道具の魅力、『鑿大全』を読む

人鳥(ぺんぎん)堂の飯島です。意見は私個人のものです。


春分 第十二候『雷 すなわち 声を発す』

 先日も、春雷がなり、春の嵐のような雨が降りました。しかし、桜は散らずに、見ごろを迎えています。
 今日の珈琲は「グァテマラ・サンタバーバラ」です。中南米の豆は、最近のブームとコウキ君が言っていましたが、確かにおいしいし、珈琲感性の良さみたいなものを感じます。
 朝の写真は、たぶん、「巻雲」の一種の「肋骨雲」ではないかと思います。しかも、天気の予報にはあまりかかわらない(天気予報に関係することは『観天望気』というのだそうです。)晴巻雲の一種ではないでしょうか。あるいは「羽根雲」でしょうか。それとも、「巻積雲」の「尾流雲」かなとか、漠然と写真を撮るだけでなく、深刻に考えるわけでもなく、雲について考える、そんなちょっとした時間のや、出かけてふと空を見上げて、おやっと思った時にあると嬉しいのが、岩槻秀明著『雲の図鑑 (ベスト新書)』です。

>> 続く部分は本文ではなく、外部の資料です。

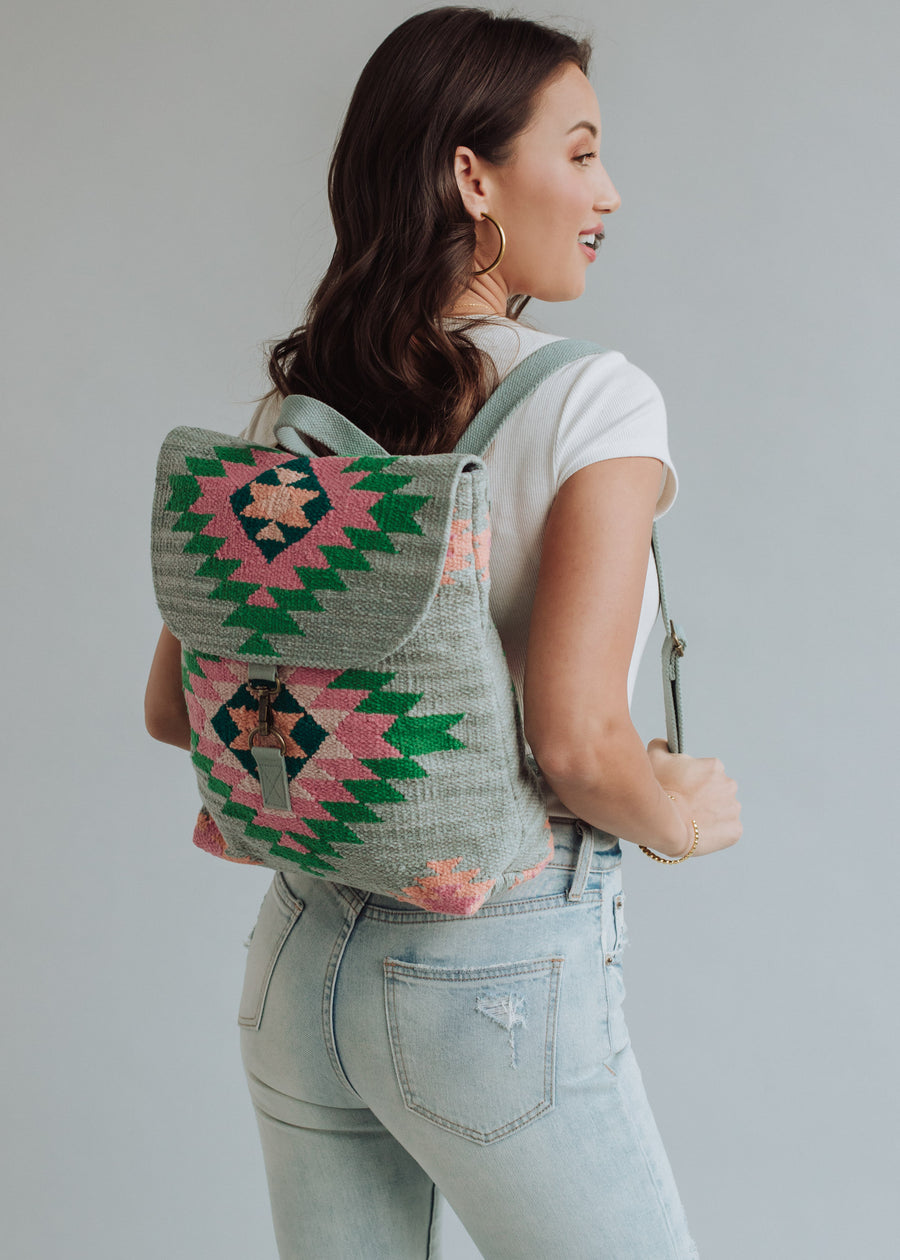 A woman with long brown hair, dressed in a white t-shirt and light blue jeans, smiles sideways while wearing the panacheaccessories Hadley Backpack—western-inspired with green, pink, and gray geometric patterns and adjustable straps.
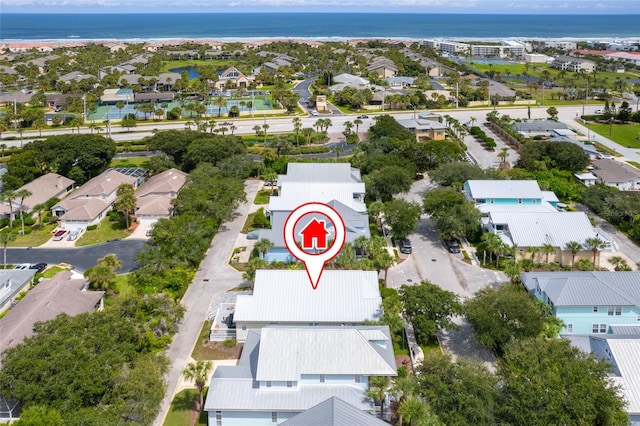 aerial view featuring a water view and a residential view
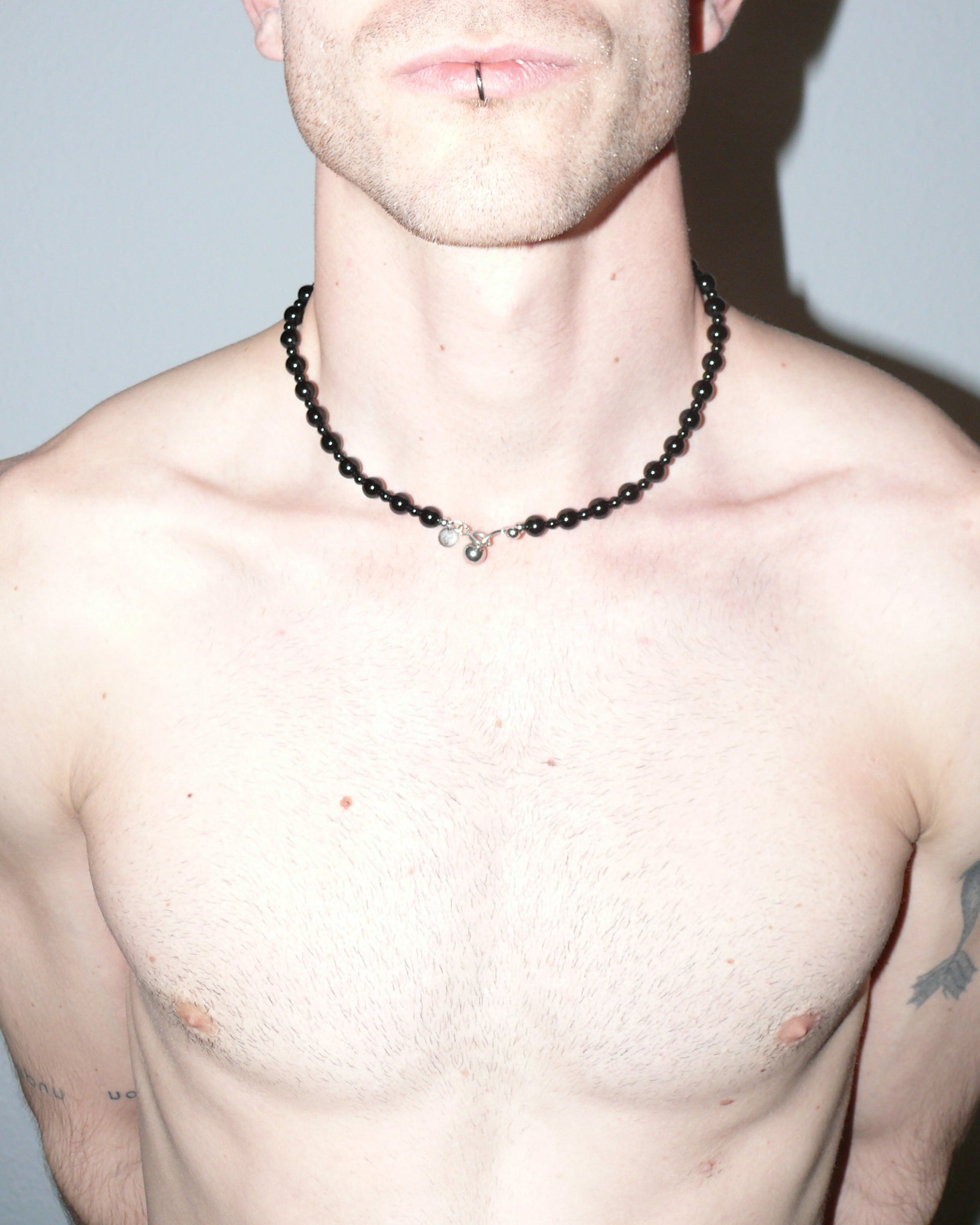 Black agate beads necklace with piercing closure close-up on model neck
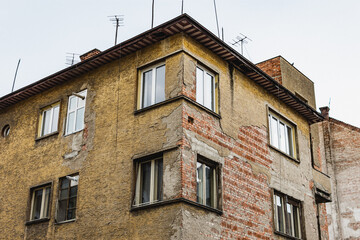 Old degraded and abandoned building in an European city with windows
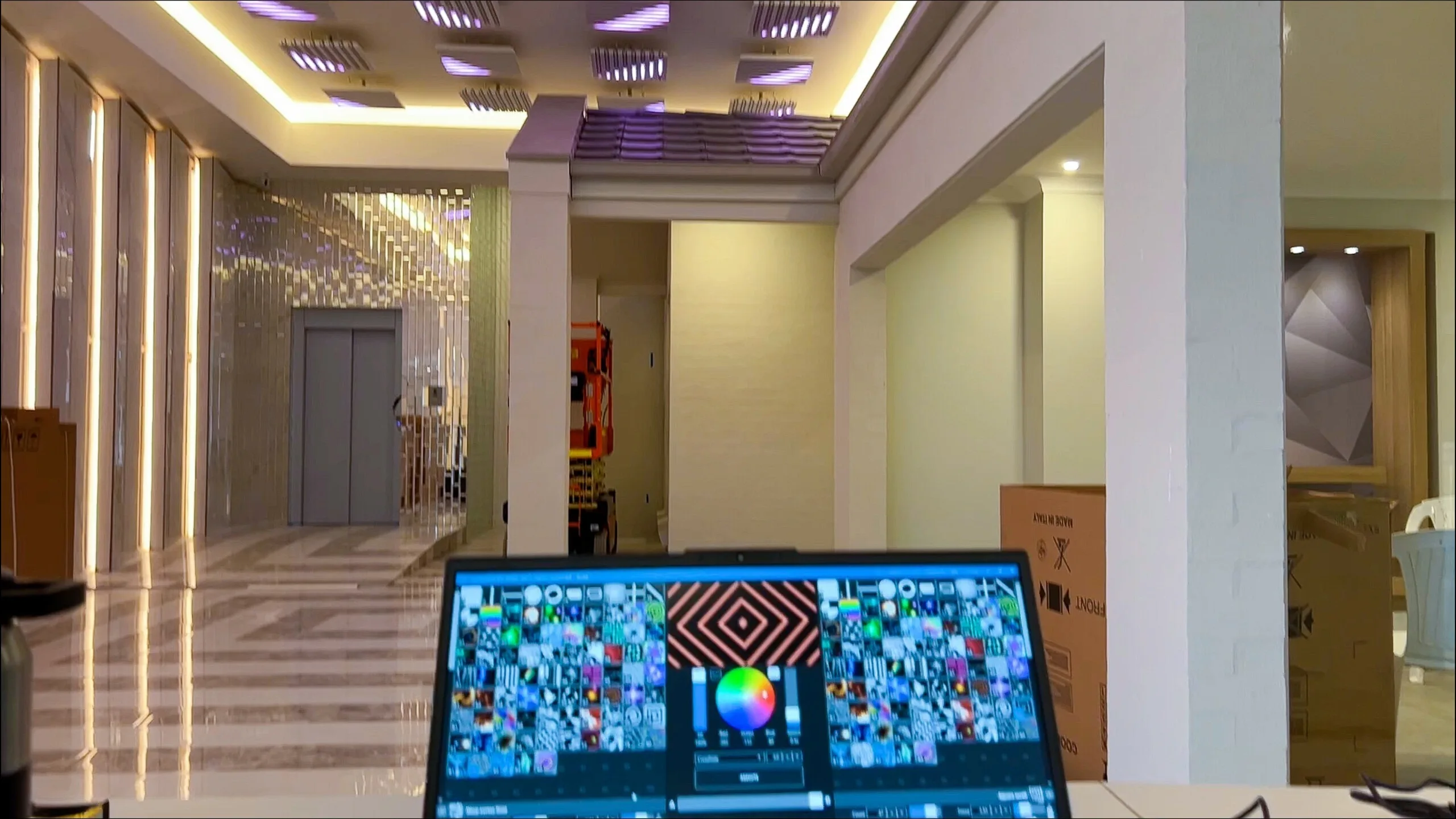 Lobby in blue and violet with a laptop and control gear on a table at right, its screen showing a grid of test colours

 これもふとしたことから手にとった本ですが、自然体で疑問がわいたら開いてみるという類の本でしょう。著者は、植物や昆虫、気象学など身近な自然に関する著作や、天気予報士として知られています。天気の変化につながる雲もあることですから、案外、面白いかも知れません。失敗すれば、ずぶ濡れになることもあるかもしれませんが。


出来上がれば陽の当らない仕事の道具

 かつて、鑿を使った刻み仕事と呼ばれる組手や仕口の仕事は、経験豊かな熟達者が分担させられたそうです。しかし、その仕事は、「出来上がってしまえば人目に触れない部分の細工になり」その、「文字通り陽の当らない分野であるという色合いを、刻み仕事にも、そして使用される鑿という木工具にも染めこむことに」なるわけで、現在、叩き鑿も玄能も不要になりつつある現場ではあっても、いや、だからこそ、職人でもない私に、こういう本が手招きするのです。大工道具研究会編『増補改訂 鑿大全: ノミの使いこなしを網羅した決定版』は、「大工道具研究会」に関する興味とともに、鑿という手の延長の道具に対する、知恵と技の、職人世界を教えてくれる、一種のワンダーランドの案内書です。

 しかも、全くの興味、好奇心だけというあり方というところに、ひそかに「フフフ」というものもあることを勘づいてはいるのですが。各地の、歴史上の名工や、道具としての進歩の歴史など、叩き鑿という言葉からもわかるように、強度への工夫など、汲めども尽きないとは言いませんが、面白い知見に満ちています。まあ、「ものづくり大国」、などと、したり顔で言うむきも、知っていていただけたら嬉しいでしょうね。